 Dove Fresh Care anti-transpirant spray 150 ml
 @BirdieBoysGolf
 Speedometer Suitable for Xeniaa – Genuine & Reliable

★ ★ ★

§ **WHAT THE EXERCISE ASKS**:
Without any alteration, the preceding material should be retyped in full.

§ **EXPECTED ANSWER**:
 Dove Fresh Care anti-transpirant spray 150 ml
 @BirdieBoysGolf
 Speedometer Suitable for Xeniaa – Genuine & Reliable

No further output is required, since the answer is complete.